Not only are trees essential for life, but as the longest living species on earth, they give us a link between the past, present, and future. Research shows that within minutes of being surrounded by trees and green space, your blood pressure drops, your heart rate slows and your stress levels come down. Trees absorb carbon dioxide as they grow and the carbon that they store in their wood helps slow the rate of global warming. They reduce wind speeds and cool the air as they lose moisture and reflect heat upwards from their leaves. It’s estimated that trees can reduce the temperature in a city by up to 7°C. Trees also help prevent flooding and soil erosion, absorbing thousands of liters of storm water
Trees provide shade and cooling. They reduce the temperature through transpiration. One mature tree can produce the same cooling equivalent to ten room – sized air conditioners. This becomes an effective tool in reducing urban heat islands and hot spots in cities. Having plenty of shade trees in your yard can help reduce your energy bill by allowing you to save on air conditioning. Carefully positioned trees can reduce a household’s energy consumption for heating and cooling by up to 25 percent.
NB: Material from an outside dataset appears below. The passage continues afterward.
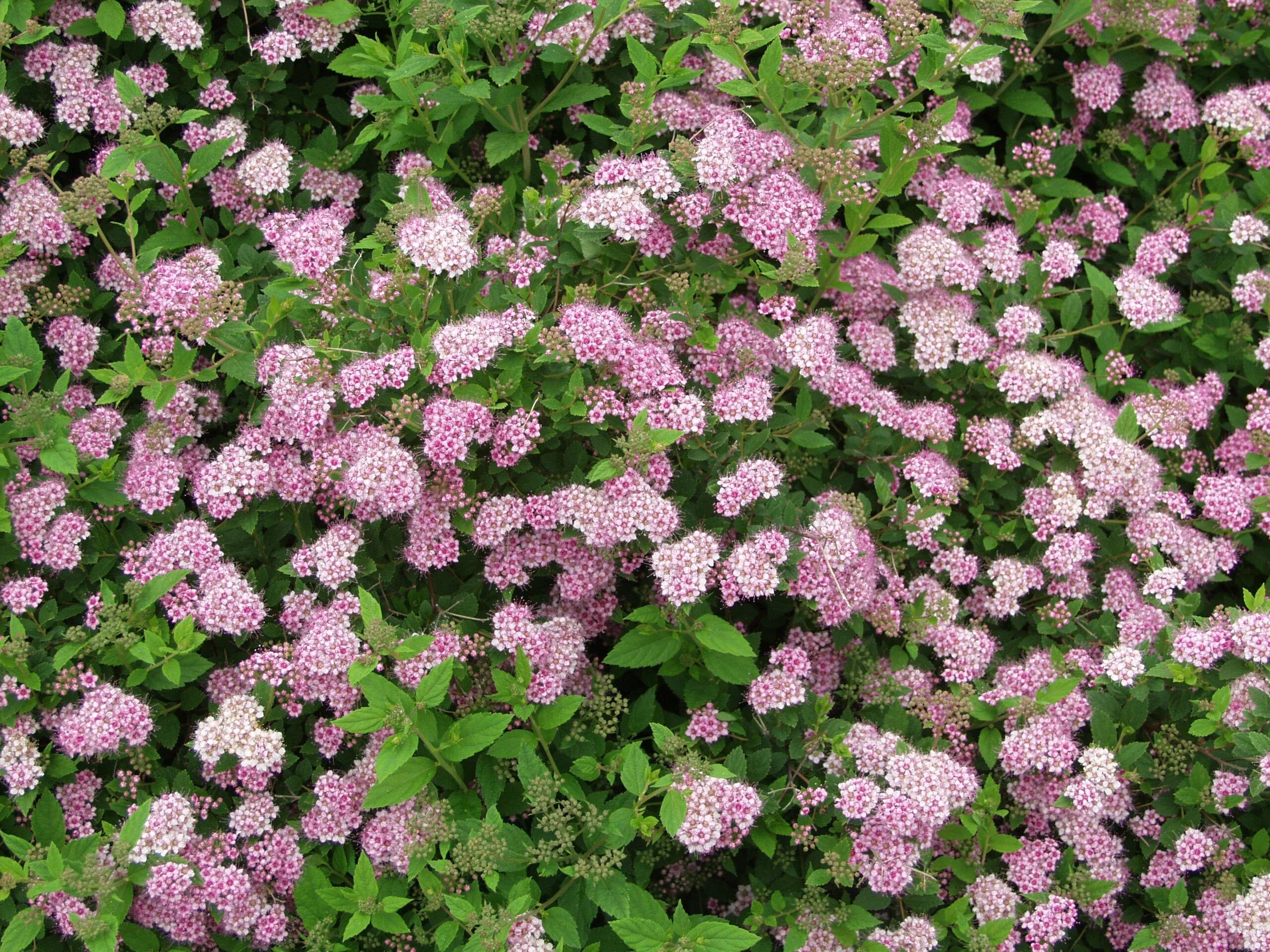 Спирея японская little Princess. Спирея березолистная Pink Sparkler. Спирея (Spiraea japonica «little Princess»)). Спирея березолистная Пинк спаклер. Литл принцесс купить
Trees serve as natural sponges, collecting and filtering rainfall and releasing it slowly into streams and rivers, and are the most effective land cover for maintenance of water quality. The ability of forests to aid in the filtration of water provides benefits to our health and the health of an ecosystem and can also aid in water treatment. Forests provide these benefits by filtering sediments and other pollutants from the water in the soil before it reaches a water source, such as a stream, lake, or river.